🤖 AI Summary
This work proposes GaussianGPT, the first autoregressive generative model for explicit 3D Gaussian representations based on a causal Transformer architecture. While existing 3D generation methods predominantly rely on diffusion or flow-matching frameworks, this study explores the underutilized potential of autoregressive modeling in explicit 3D scene synthesis. The approach employs a sparse 3D convolutional autoencoder combined with vector quantization to compress Gaussian primitives into a discrete latent grid, and introduces 3D rotational positional encoding to enable effective sequence modeling. The framework supports diverse generation tasks—including scene completion, outpainting, temperature-controlled sampling, and variable-length synthesis—while preserving compositional inductive biases.

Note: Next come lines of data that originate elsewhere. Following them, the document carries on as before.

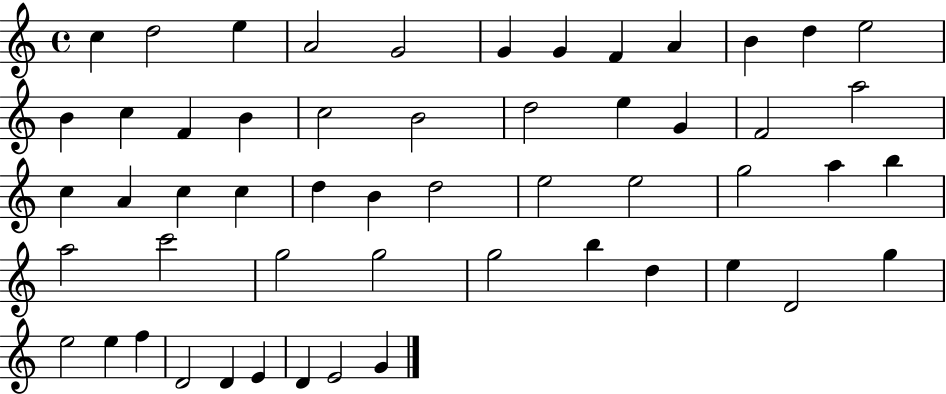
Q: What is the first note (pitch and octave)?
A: C5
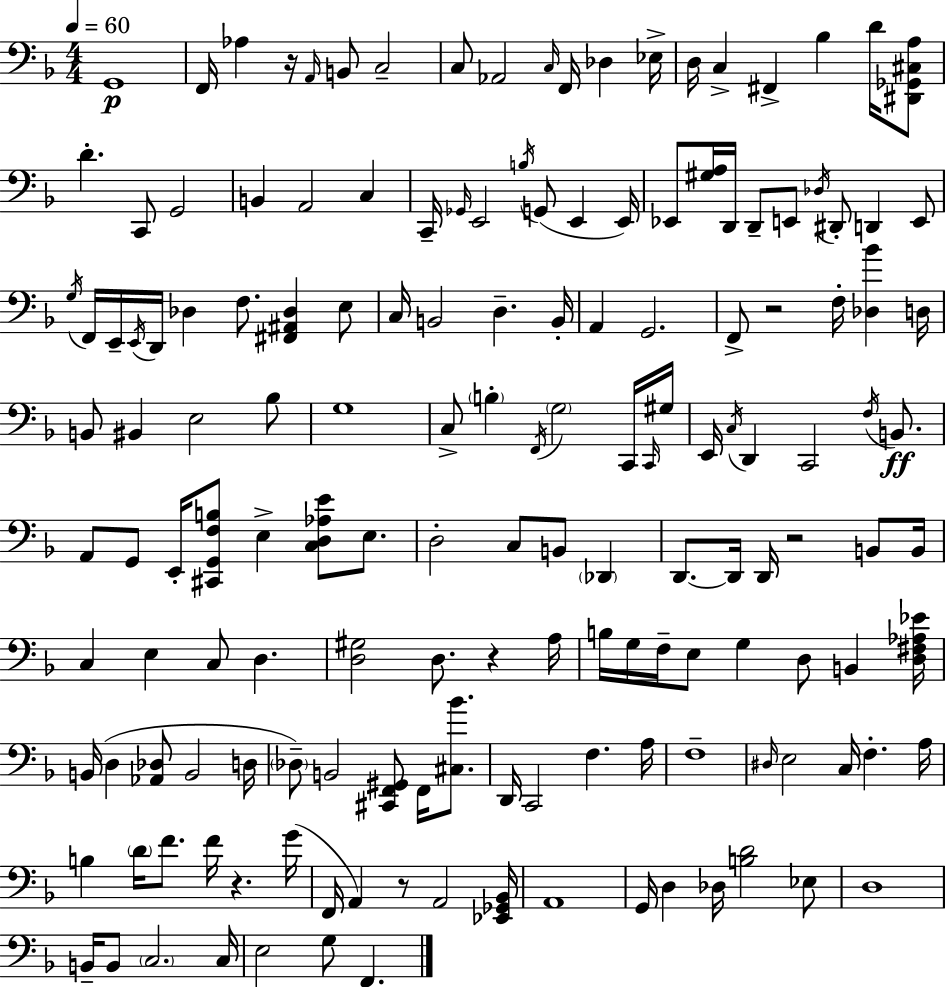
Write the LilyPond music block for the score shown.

{
  \clef bass
  \numericTimeSignature
  \time 4/4
  \key f \major
  \tempo 4 = 60
  g,1\p | f,16 aes4 r16 \grace { a,16 } b,8 c2-- | c8 aes,2 \grace { c16 } f,16 des4 | ees16-> d16 c4-> fis,4-> bes4 d'16 | \break <dis, ges, cis a>8 d'4.-. c,8 g,2 | b,4 a,2 c4 | c,16-- \grace { ges,16 } e,2 \acciaccatura { b16 } g,8( e,4 | e,16) ees,8 <gis a>16 d,16 d,8-- e,8 \acciaccatura { des16 } dis,8-. d,4 | \break e,8 \acciaccatura { g16 } f,16 e,16-- \acciaccatura { e,16 } d,16 des4 f8. | <fis, ais, des>4 e8 c16 b,2 | d4.-- b,16-. a,4 g,2. | f,8-> r2 | \break f16-. <des bes'>4 d16 b,8 bis,4 e2 | bes8 g1 | c8-> \parenthesize b4-. \acciaccatura { f,16 } \parenthesize g2 | c,16 \grace { c,16 } gis16 e,16 \acciaccatura { c16 } d,4 c,2 | \break \acciaccatura { f16 } b,8.\ff a,8 g,8 e,16-. | <cis, g, f b>8 e4-> <c d aes e'>8 e8. d2-. | c8 b,8 \parenthesize des,4 d,8.~~ d,16 d,16 | r2 b,8 b,16 c4 e4 | \break c8 d4. <d gis>2 | d8. r4 a16 b16 g16 f16-- e8 | g4 d8 b,4 <d fis aes ees'>16 b,16( d4 | <aes, des>8 b,2 d16 \parenthesize des8--) b,2 | \break <cis, f, gis,>8 f,16 <cis bes'>8. d,16 c,2 | f4. a16 f1-- | \grace { dis16 } e2 | c16 f4.-. a16 b4 | \break \parenthesize d'16 f'8. f'16 r4. g'16( f,16 a,4) | r8 a,2 <ees, ges, bes,>16 a,1 | g,16 d4 | des16 <b d'>2 ees8 d1 | \break b,16-- b,8 \parenthesize c2. | c16 e2 | g8 f,4. \bar "|."
}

GaussianGPT achieves high-quality, context-aware 3D generation and significantly outperforms conventional holistic optimization methods, offering superior flexibility and controllability.
📝 Abstract
Most recent advances in 3D generative modeling rely on diffusion or flow-matching formulations. We instead explore a fully autoregressive alternative and introduce GaussianGPT, a transformer-based model that directly generates 3D Gaussians via next-token prediction, thus facilitating full 3D scene generation. We first compress Gaussian primitives into a discrete latent grid using a sparse 3D convolutional autoencoder with vector quantization. The resulting tokens are serialized and modeled using a causal transformer with 3D rotary positional embedding, enabling sequential generation of spatial structure and appearance. Unlike diffusion-based methods that refine scenes holistically, our formulation constructs scenes step-by-step, naturally supporting completion, outpainting, controllable sampling via temperature, and flexible generation horizons. This formulation leverages the compositional inductive biases and scalability of autoregressive modeling while operating on explicit representations compatible with modern neural rendering pipelines, positioning autoregressive transformers as a complementary paradigm for controllable and context-aware 3D generation.